С 1882 года… но тут расскажем легенду, поныне бытующую в степях. Толстой поехал на кумыс. Там, в степях, он увидел маленького зверька, который будто бы в тех местах водится: это своего рода перекати-поле животного мира, лежебока перекатная, мифический персонаж татарского и прочего степного фольклора. Этот толстый, пушистый зверек, круглый, как Платон Каратаев, неспособен сам добывать себе пищу и спасаться от врагов. Он лопает что дают или что само заносится в рот ветром, и катится по полю, куда этот ветер дует. От врагов же его защищает только пронзительный жалостливый взгляд, которого, согласно легенде, ни один охотник не может выдержать. И вот, по рассказам аборигенов, Толстой шел как-то по степи с палкой и наткнулся на лежебоку перекатную, которая праздно каталась по ковылю и страшно перепугалась при виде охотника. Она встала на рудиментарные задние лапки и посмотрела на писателя с такой невыносимой тоской и скорбью, что Толстой отшвырнул палку и кинулся бежать куда глаза глядят, терзаемый совестью. Именно этим объясняется запись в его дневнике от 30 июля 1880 года:

«Вчера в степи зверек. Смотрит жалостно. Бросил все, бежал. 99/100 всего человечества делают не то, что должно быть ими делаемо и что само от рождения в них вложено, но то, что они единственно полагают важным и нужным и хорошим для их sйcuritй. A в это же самое время в степи живет добрый круглый зверек, который один в этом доме сумасшедших знает, что противиться злу есть только большее зло и так зло все плодится без конца, пока кому-нибудь не придет в голову кинуть палку».

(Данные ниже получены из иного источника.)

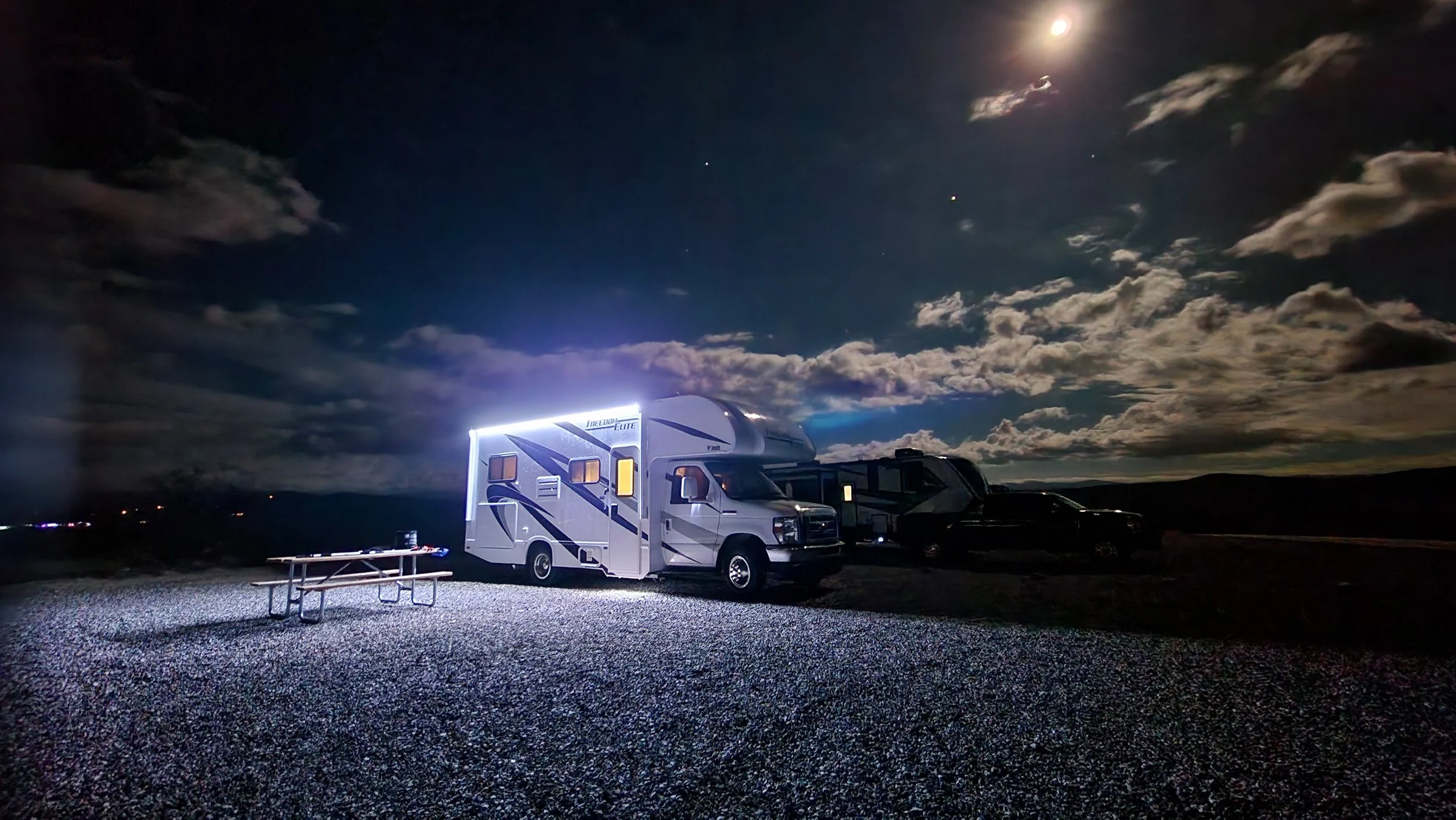 A recreational vehicle (RV) parked outdoors at night with a picnic table nearby. The sky is partly cloudy with the moon and stars visible, casting a glow over the scene.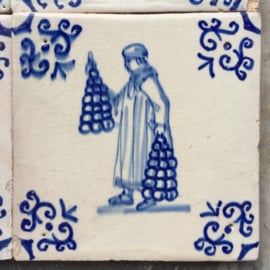 Set of four figure tiles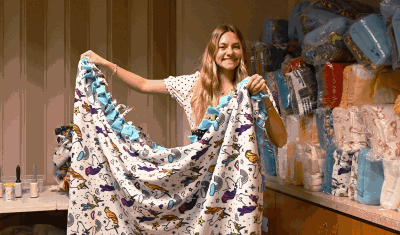Volunteer holding up completed no sew blanket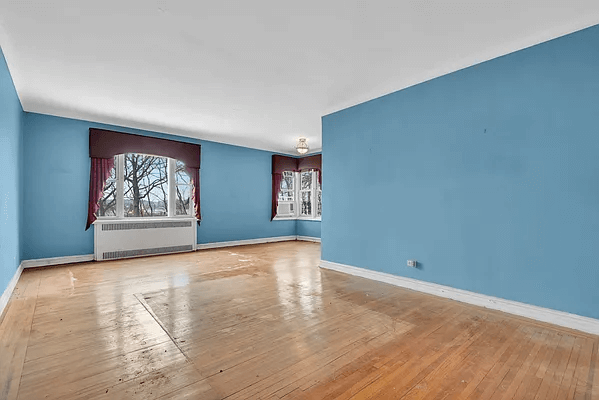 living room and dining area with wood floors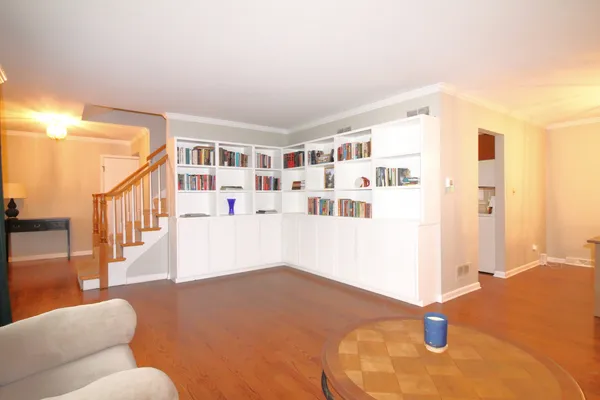 a living room with furniture and a book shelf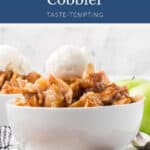 A bowl of apple cobbler topped with a scoop of vanilla ice cream.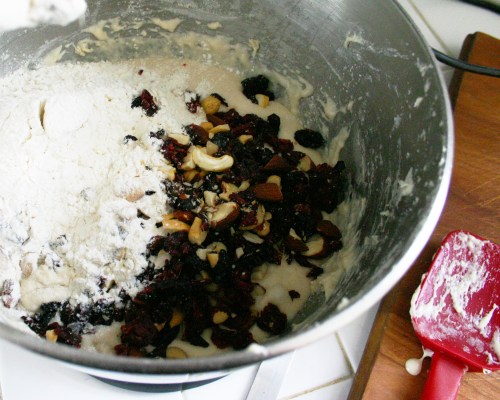 Add 1 cup of flour with the chopped nuts and fruit.  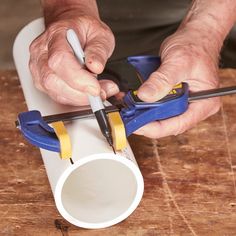 a man is using a pair of pliers on a piece of wood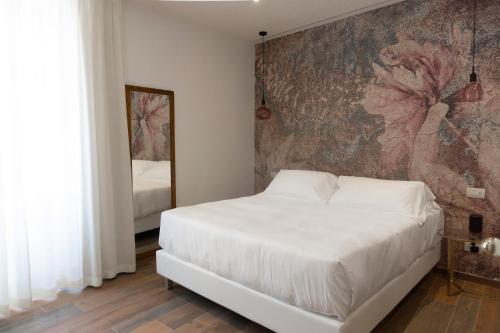 A bed or beds in a room at Il Caruggio Rooms&Breakfast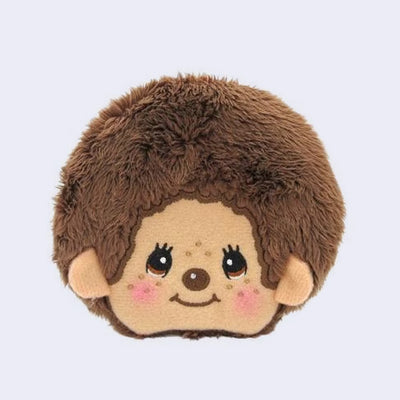 Fluffy coin pouched shaped like a Monchhichi's head with a cute, smiling face.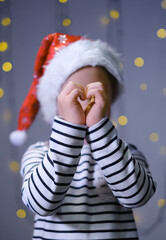 A small Caucasian child in a Christmas Santa hat made a heart with his hands at night in a room decorated with garlands. New year's portrait of a child with a heart on a blue background with lights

Как бы то ни было, Лев Николаевич в результате духовного переворота принялся учить всю Россию каяться и опрощаться, но ему никогда не приходило в голову, что муки совести, сами по себе неплодотворные, тем менее плодотворны, чем более распространены. Никакое коллективное действие не ведет к благому результату, если это не есть совместная косьба или иное занятие по хозяйству. Сам Толстой своим рациональным и циничным умом понимал полную бесполезность любой проповеди: когда ему доложили, что где-то в провинции собрался новый клуб трезвенников, он рассмеялся – что ж собираться, чтобы не пить? Если соберутся, то сейчас выпьют! Трезвость хороша в одиночку, но внушить это россиянам опять-таки не представлялось возможным, ибо страна, отстававшая от Толстого не на годы, а на века, полагала, что за всякой констатацией следует немедленное действие, а за угрызениями совести – изменение мира.